Letters to the editor

To the editor,

Past work done by Foth Engineering, one of the consultants working on the PolyMet and Twin Metals projects in northeastern Minnesota, has come under fire in a new report authored by hydrogeologist Robert E. Moran. Moran, who reviewed Foth’s work on the Flambeau Mine near Ladysmith, Wis., identified numerous questionable practices that have come back to haunt the community.

After an extensive review of historical and modern Flambeau Mine documents, Moran concluded: “Flambeau ground and surface water quality is being and has been degraded—despite years of industry public relations statements touting the success of the Flambeau Mining Company (FMC) operation.”

He added: “For decades, some of the most relevant data and the most significant water-related impacts have been withheld from public view.”

He noted:

• All routine Flambeau groundwater monitoring data are from filtered samples, from which some, if not most of the chemical components have been removed, thereby lowering the original concentrations.

• The number and location of monitoring wells along the mine’s so-called “compliance boundary” (where drinking water standards are enforced by the state) are inadequate.
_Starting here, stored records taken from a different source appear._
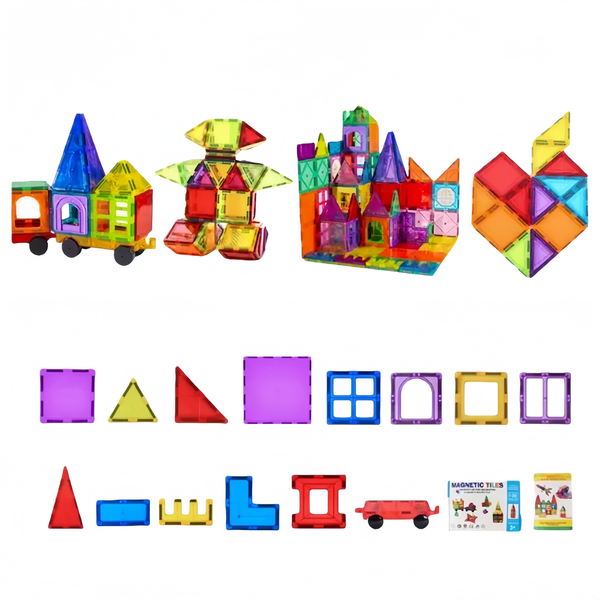 Castle &amp; Car Set - Magnetic Building Tiles - 120 Pieces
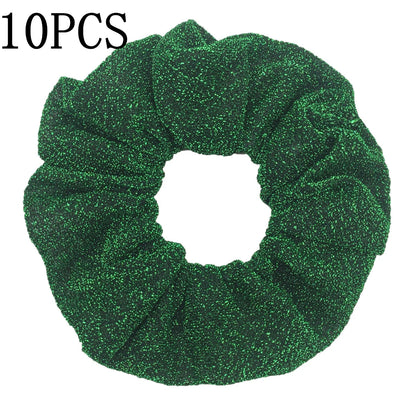 Sparkly Sequin Scrunchies for Women & Girls – 10-Pack Hair Ties
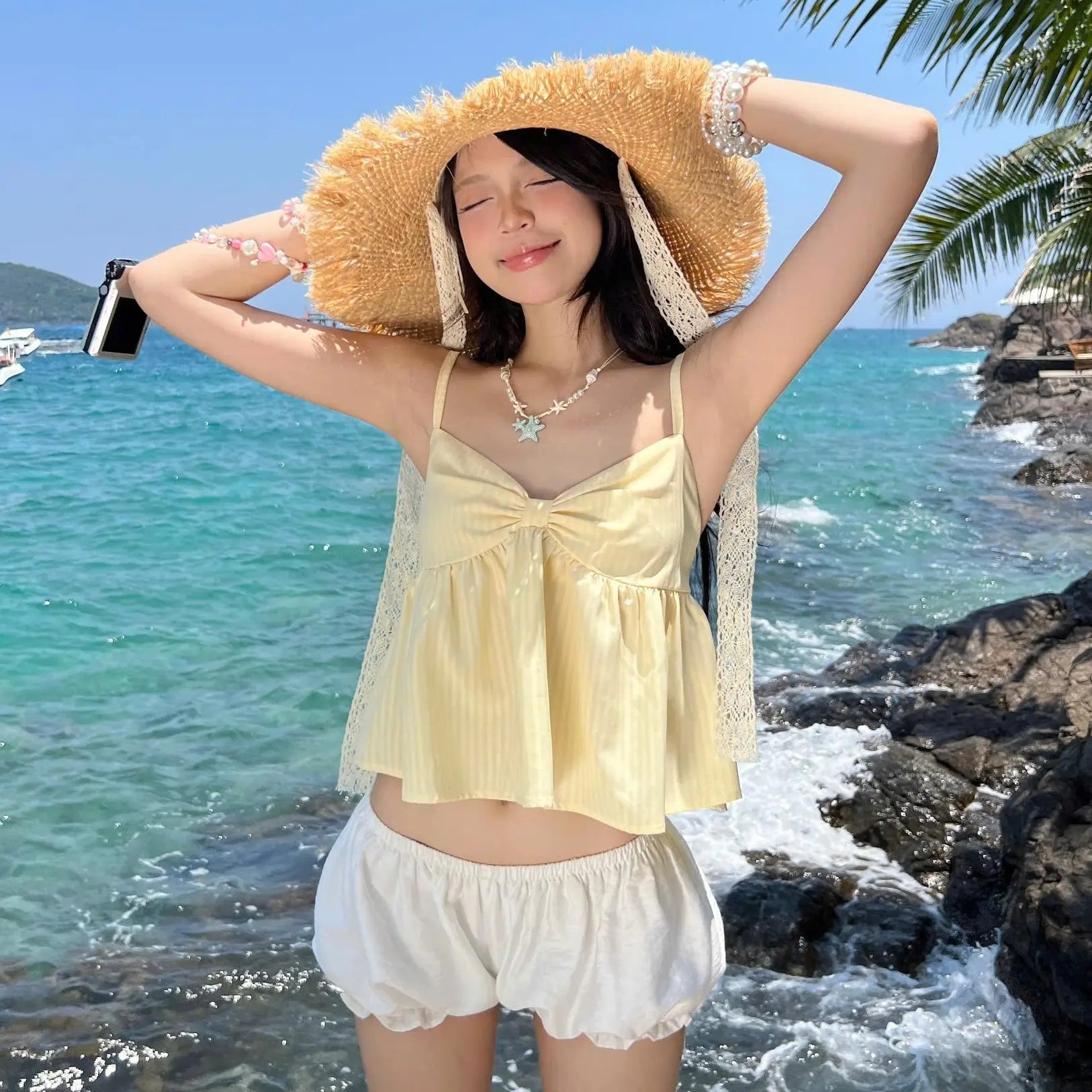 【TEENDRE SUNNY TOP】條紋棉質娃娃背心｜甜美顯瘦 夏日少女風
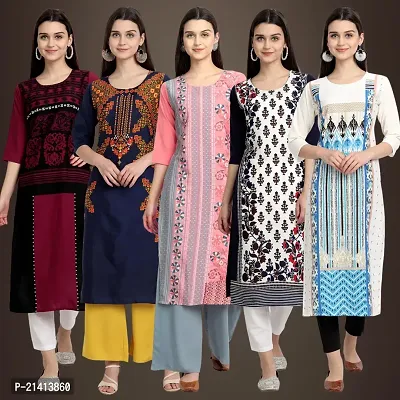 Fancy Crepe Kurtis For Women Pack Of 5-thumb0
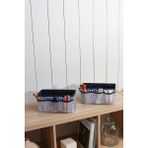 Rek Home 2'li Set Yaprak Desenli Makyaj Kozmetik Düzenleyici Organizer Makyaj Kutusu - Lacivert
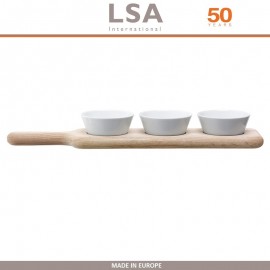 Доска Paddle для закусок, 3 емкости, светлый, LSA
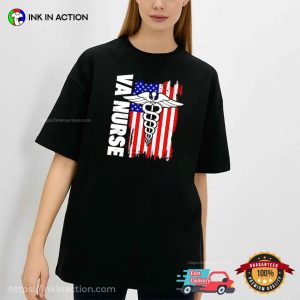 USA VA Nurse American flag T shirt 3 InkInAction.com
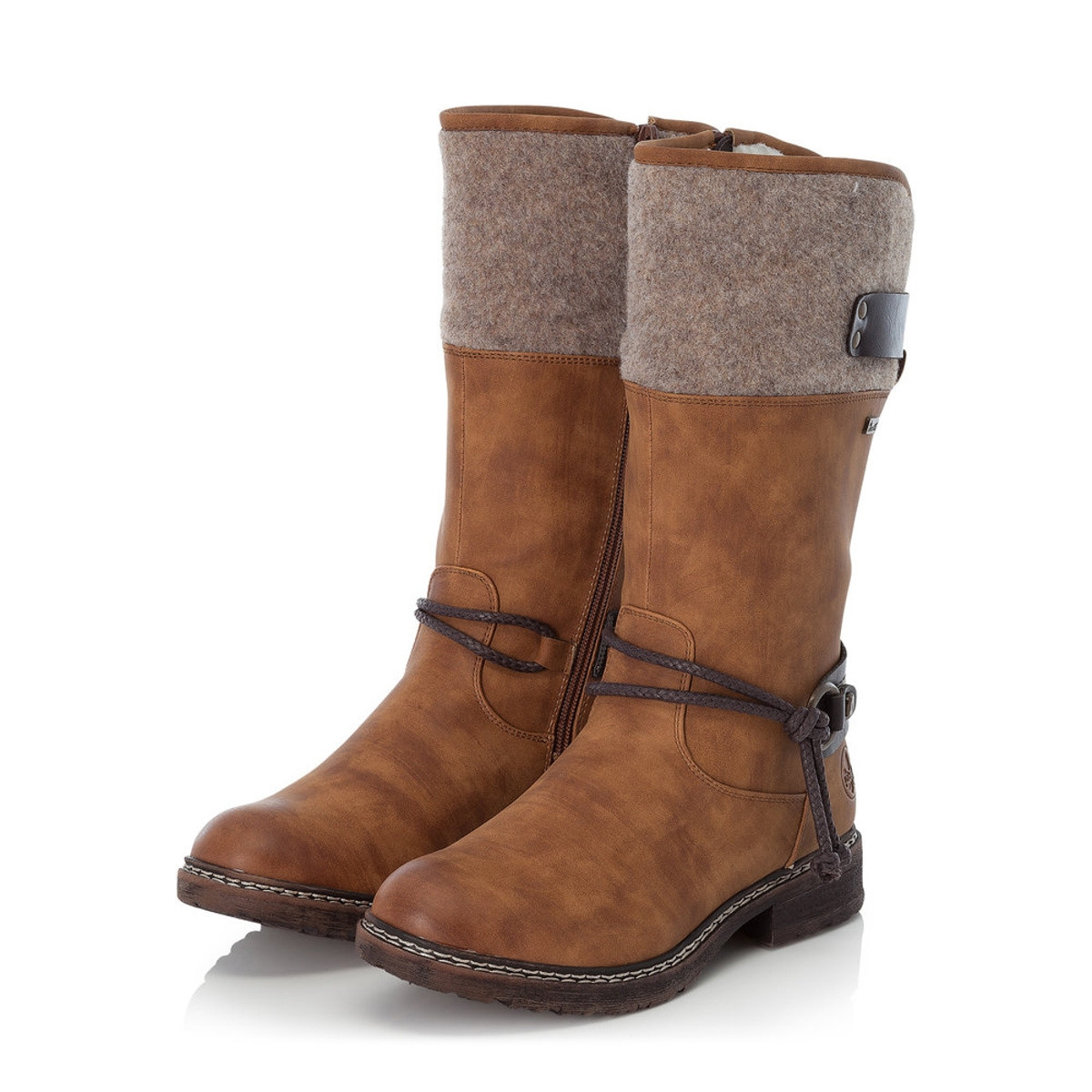 detail Dámské kozačky RIEKER 94774-22 hnědá W2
There is only one nested well along the entire 3.5-mile boundary encircling the mine, and it appears to be positioned outside the main ground water flow path identified by FMC.

• FMC’s Flambeau River surface water monitoring is “totally inadequate.” No sampling has been done in the river immediately adjacent to the backfilled pit, even though Foth’s own modeling showed that groundwater flowing through the waste rock in the pit would “flow directly into the bed of the Flambeau River.”

Moran also commented on the inaccuracy of some of Foth’s predictions regarding the extent of groundwater pollution expected at the Flambeau site and stated:

“The narrative ‘predictions’ made by [Foth] in the various permit-related and annual reports appear to be largely naive geochemically and hydrogeologically … most useful for obtaining permits, less so for generating quantitatively-reliable predictions.”

Moran concluded his report by stating: “In short, the Flambeau Mine is the poster child for a severely-flawed permitting and oversight process that has likely generated long-term public liabilities.”